- _What to work on_
Scan the records below for the line containing "レオパレスフォンターナ" and the line containing "Printed T-shirt Collar". Copy both, plus every line between, exactly.

- _Source information_
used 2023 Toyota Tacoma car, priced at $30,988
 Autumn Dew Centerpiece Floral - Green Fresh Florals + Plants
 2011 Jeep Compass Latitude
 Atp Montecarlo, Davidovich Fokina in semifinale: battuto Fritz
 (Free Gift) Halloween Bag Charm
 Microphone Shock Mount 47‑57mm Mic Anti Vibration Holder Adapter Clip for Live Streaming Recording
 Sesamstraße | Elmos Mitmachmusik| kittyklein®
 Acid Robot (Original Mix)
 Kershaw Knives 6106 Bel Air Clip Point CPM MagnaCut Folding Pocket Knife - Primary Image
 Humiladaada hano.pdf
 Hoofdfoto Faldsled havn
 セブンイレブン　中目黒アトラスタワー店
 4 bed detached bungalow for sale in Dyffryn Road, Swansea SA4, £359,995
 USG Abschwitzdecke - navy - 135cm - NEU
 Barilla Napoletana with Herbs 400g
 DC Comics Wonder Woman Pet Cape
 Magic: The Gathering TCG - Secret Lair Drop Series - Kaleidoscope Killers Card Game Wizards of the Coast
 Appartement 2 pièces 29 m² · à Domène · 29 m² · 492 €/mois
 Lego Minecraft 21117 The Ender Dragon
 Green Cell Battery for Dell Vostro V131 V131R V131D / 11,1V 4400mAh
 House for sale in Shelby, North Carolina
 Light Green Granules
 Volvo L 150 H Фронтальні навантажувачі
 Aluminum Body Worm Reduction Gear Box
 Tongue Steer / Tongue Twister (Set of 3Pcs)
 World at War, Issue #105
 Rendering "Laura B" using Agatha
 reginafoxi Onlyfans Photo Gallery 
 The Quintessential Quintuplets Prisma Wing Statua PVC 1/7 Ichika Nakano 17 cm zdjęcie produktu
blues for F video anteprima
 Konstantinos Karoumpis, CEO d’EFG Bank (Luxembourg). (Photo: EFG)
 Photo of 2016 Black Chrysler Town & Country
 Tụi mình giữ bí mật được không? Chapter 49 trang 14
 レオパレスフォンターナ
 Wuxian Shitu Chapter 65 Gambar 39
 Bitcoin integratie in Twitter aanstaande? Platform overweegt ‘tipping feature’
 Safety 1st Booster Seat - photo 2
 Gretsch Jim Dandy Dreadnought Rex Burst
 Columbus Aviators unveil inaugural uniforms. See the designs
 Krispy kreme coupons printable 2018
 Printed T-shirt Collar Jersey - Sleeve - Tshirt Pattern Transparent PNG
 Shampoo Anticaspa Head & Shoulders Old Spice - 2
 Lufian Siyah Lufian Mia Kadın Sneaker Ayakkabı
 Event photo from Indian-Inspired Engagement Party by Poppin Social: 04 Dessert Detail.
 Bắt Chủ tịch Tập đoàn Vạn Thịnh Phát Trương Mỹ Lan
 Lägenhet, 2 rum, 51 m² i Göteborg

- _Written response_
 レオパレスフォンターナ
 Wuxian Shitu Chapter 65 Gambar 39
 Bitcoin integratie in Twitter aanstaande? Platform overweegt ‘tipping feature’
 Safety 1st Booster Seat - photo 2
 Gretsch Jim Dandy Dreadnought Rex Burst
 Columbus Aviators unveil inaugural uniforms. See the designs
 Krispy kreme coupons printable 2018
 Printed T-shirt Collar Jersey - Sleeve - Tshirt Pattern Transparent PNG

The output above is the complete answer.